千沧雨道:“好吃。”
一个一鬼的默不作声,安静的吃在这最后一晚的晚饭,离开这以后,就意味着又要卷入更多的事情,又要被世俗所困不得自由,可能还会有更多的人,因此丧命。
吃完饭的千沧雨坐在屋顶上看星,沈相沉也爬上来,他问道:“大人,你所期待的是什么?”
千沧雨没听懂,反问道:“我所期待的生活吗?”
“嗯,是什么?”沈相沉看着他。
“和一人牵马饮水,共赏日出,共待日落,晚秋时节,共赴月下。”他眼中渐渐浮现出一个身影。
“没想到,你所期待的.....就是这样平淡无奇的生活?”
千沧雨斩钉截铁的道:“不平淡。”
沈相沉把目光移开,有点难于启齿,他问:“那对你来说,喜欢的人,是什么?”他不自觉的握紧了手。
千沧雨毫不犹豫的答道:“他是我的命。”看向了沈相沉的那张侧脸。
“哈哈,是这样的吗?那你喜欢的人还真是有福气,能被你视若珍宝,三生有幸啊!不过,大人你不怕吗?要知道,我是去报仇的,可能会死人,我也会死。”

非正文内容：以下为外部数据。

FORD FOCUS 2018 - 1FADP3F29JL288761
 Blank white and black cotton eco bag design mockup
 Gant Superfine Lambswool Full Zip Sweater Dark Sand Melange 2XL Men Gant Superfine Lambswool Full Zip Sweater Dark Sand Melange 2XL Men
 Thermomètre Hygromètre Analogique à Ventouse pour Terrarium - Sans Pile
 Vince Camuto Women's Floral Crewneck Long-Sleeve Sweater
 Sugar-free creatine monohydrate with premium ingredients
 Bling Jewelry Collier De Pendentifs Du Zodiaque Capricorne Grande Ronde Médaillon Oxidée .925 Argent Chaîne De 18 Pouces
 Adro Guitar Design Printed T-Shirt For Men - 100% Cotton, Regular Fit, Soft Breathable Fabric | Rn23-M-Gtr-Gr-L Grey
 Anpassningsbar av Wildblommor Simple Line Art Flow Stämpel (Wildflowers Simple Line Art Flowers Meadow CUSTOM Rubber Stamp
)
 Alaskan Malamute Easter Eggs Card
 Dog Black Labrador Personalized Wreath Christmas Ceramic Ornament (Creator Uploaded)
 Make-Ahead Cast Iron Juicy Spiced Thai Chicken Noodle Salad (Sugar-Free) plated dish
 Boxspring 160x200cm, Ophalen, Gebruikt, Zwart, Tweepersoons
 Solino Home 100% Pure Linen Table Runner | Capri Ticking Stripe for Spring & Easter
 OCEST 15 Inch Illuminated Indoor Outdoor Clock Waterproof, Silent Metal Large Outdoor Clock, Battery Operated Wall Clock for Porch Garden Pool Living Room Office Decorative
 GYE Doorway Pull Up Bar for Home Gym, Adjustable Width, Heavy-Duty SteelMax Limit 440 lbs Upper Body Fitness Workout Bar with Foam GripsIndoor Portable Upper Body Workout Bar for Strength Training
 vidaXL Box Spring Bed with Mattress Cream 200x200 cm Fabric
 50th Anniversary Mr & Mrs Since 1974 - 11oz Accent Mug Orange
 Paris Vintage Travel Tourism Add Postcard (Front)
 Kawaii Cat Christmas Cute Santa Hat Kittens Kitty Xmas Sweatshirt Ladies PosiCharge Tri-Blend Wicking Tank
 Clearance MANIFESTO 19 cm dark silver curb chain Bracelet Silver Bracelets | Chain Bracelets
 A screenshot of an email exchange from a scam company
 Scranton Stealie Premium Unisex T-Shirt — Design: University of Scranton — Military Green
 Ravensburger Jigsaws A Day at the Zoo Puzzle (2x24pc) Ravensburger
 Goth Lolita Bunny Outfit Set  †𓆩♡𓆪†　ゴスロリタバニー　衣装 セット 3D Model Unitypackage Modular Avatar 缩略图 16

“吉凶生死,旦夕祸福,又有谁能预料,倒不如像当年那般,不论生死。”
“哪般?”沈相沉迷惑不解。
千沧雨道:“没事,睡吧,要想避过那边的巡逻兵,还需行水路,在船上可就很难睡着了。”
“好,大人还需早睡才是。”沈相沉从房顶跳下,又嘀咕道:“命吗?”
千沧雨坐在屋顶上,他想起昨天的花灯会,眼底渐渐浮现出一股柔情。
“哥哥,为什么花灯会要祈愿呢?”沈相沉手里拿着一个红绳挂着的木牌。
千沧雨道:“因为,这样愿望就会实现了啊。”
“真的吗?那我要哥哥一直陪着我,嗯,还有,假如有一天相沉死了,你一定要好好的,因为我肯定会回来找你。”
“好。”
“哥哥你写的什么?”沈相沉偷偷看了眼千沧雨的木牌。
千沧雨道:“这是秘密。”揉了揉沈相沉的头发。
“这秘密那秘密的,烦死了!哥哥根本就不喜欢相沉,所以才老是瞒着我!”沈相沉跟千沧雨置气,双手交叉背过去不理他。
“相沉,那边有烟花,真的不去吗?”千沧雨把脸放到沈相沉面前。
他又试探的道:“那哥哥自己去了。”
“诶,别,我,我害怕,不要留我一个人在这里。”沈相沉拉住千沧雨,双眼向上直视千沧雨。
湖面上倒出两人的身影,沈相沉看起来有点着急,千沧雨则面带微笑,轻轻的把他拉过来,手扶着他后背,其实桥宽根本不需要这样做。
千沧雨手撑着头,觉得还是想正事为好。
昨天花灯会,那个火圈本不应该朝沈相沉飞来的,那个位置,明明就是有人刻意计划好的,除了他,应该不会有其他人再找沈相沉的事,到底是谁....
不管如何,他都得替沈相沉报仇。
“沈君不疯了,大人梦也该醒咯!”上长寻睡在一棵树下吃果子。
诗人在树下给青城的骨灰坛抹上新颜色:“不能这么说,你怎么知道,这不是一场新的开始呢?而且他们的感情我们实在不该妄加猜测,以男人的第一直觉,我觉得沈相沉,是喜欢鬼王大人的。”